Schon der erste Absatz zieht die Leserin direkt in die Geschichte hinein und stellt sowohl die Protagonistin Romy Hall, als auch ihren Status als Insassin eines Frauengefängnisses sowie ihren aktuellen Aufenthaltsort in einem Überstellungstruck in wenigen Sätzen klar. In den weiteren Kapiteln wird teilweise aus Romys Perspektive erzählt, aber auch andere Personen kommen zu Wort. Besonders bedrückend ist dabei die Perspektive durch die Augen und den Geist Kurt Kennedys, die kurz vor Ende auflöst, weswegen Romy überhaupt im Gefängnis gelandet ist.

I have no plans at all. The thing is you keep existing whether you have a plan to do so or not, until you don’t exist, and then your plans are meaningless. But not having plans doesn’t mean I don’t have regrets.

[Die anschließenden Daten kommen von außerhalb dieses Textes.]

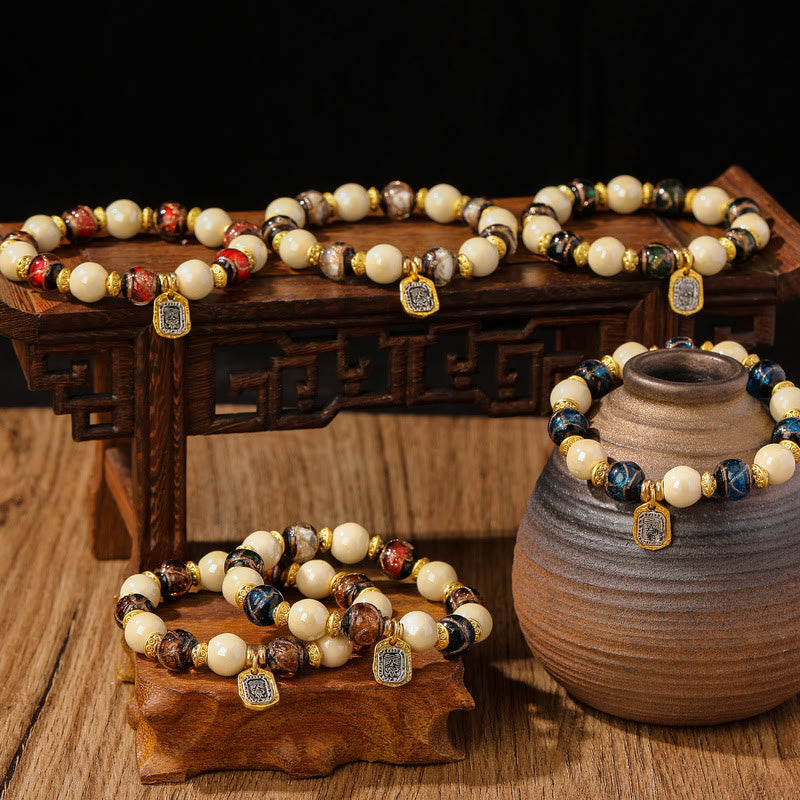 10mm Liuli Glass Incense Ash Porcelain Spiritual Protection Bracelet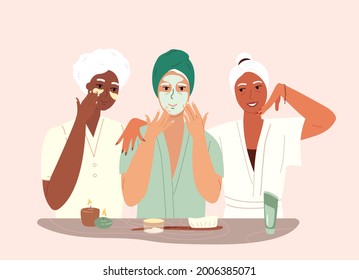 Retired Old Beautiful Relaxed women Friends with clay facial masks,eye patches on faces.Spa skin care treatment in bathrobe.Self massage,Beauty Procedure, anti-aging self care.Vector flat illustration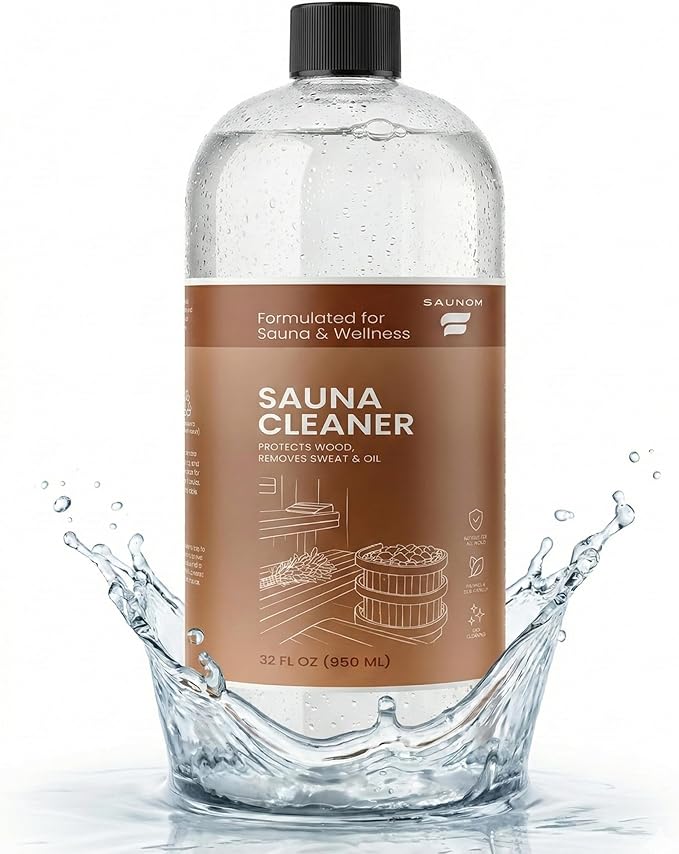 Heavy Duty Sauna Cleaner for Home & Infrared Saunas — 32 fl oz — Makes 5–10 Gallons — Perfect for Sauna Wood Benches/Walls/Floors, Removes Sweat, Oil, Dirt & Odors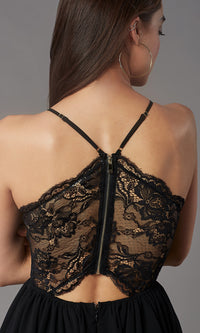  Lace-Back Short Chiffon Homecoming Party Dress
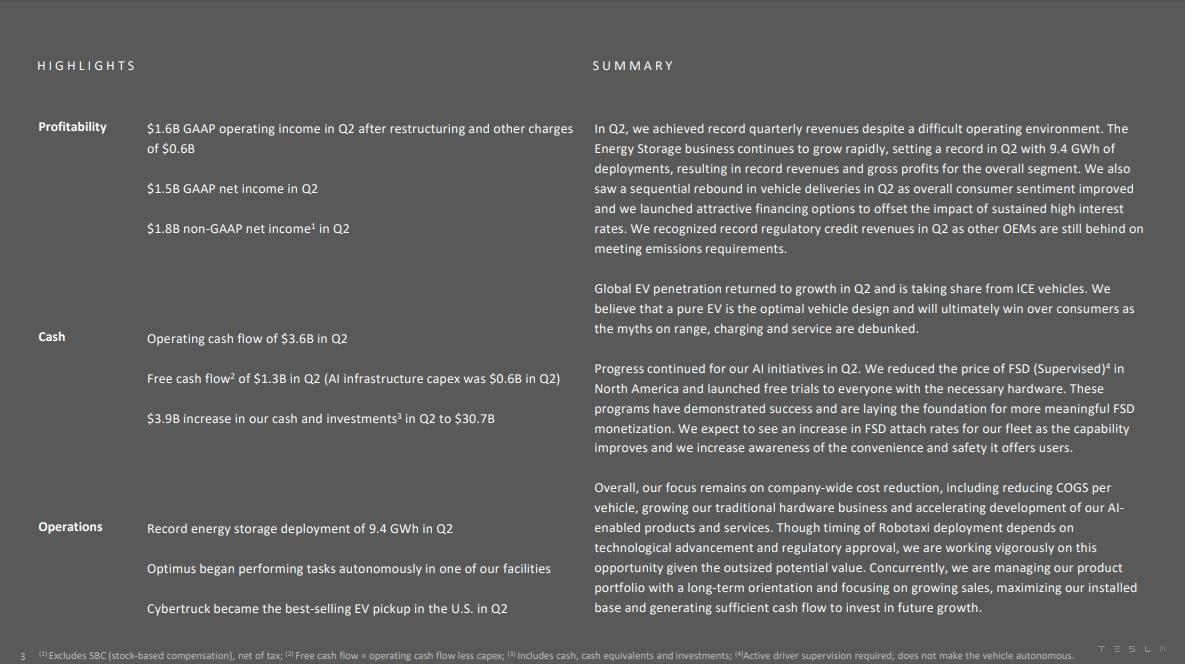 Tesla業績|特斯拉指降低成本仍是目前整體重點。(Tesla業績截圖)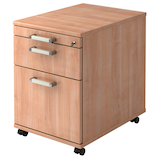 Artikelbild 1 für HAMMERBACHER Solid AC20 Rollcontainer nussbaum 3 Auszüge 42,8 x 58,0 x 59,0 cm, Artikelnummer 399319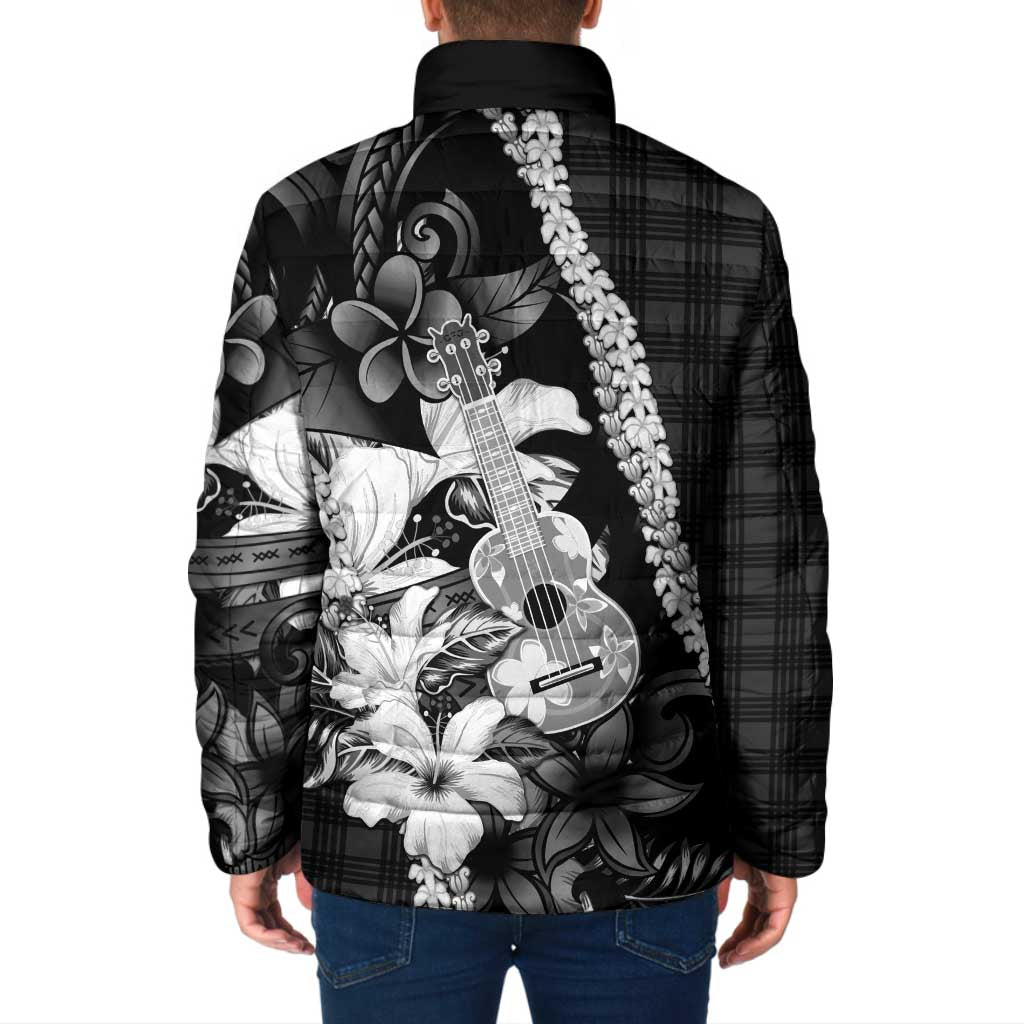 Hawaii Ukulele Padded Jacket Tropical Flowers With Palaka Effect Black Version LT05 - Polynesian Pride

Thematisiert werden auch die speziellen Schwierigkeiten von transsexuellen Personen im Gefängnissystem. Dort gibt es kein diverses Geschlecht, es gibt nur weiblich und männlich. Menschen, die sich in diesen binären Kategorien nicht wiederfinden, sind gerade im Gefängnissystem unvorstellbaren Anfeindungen und Gefahren ausgesetzt. Als Parallele in der realen Welt lassen sich die Erlebnisse von Whistleblowerin Chelsea Manning erwähnen.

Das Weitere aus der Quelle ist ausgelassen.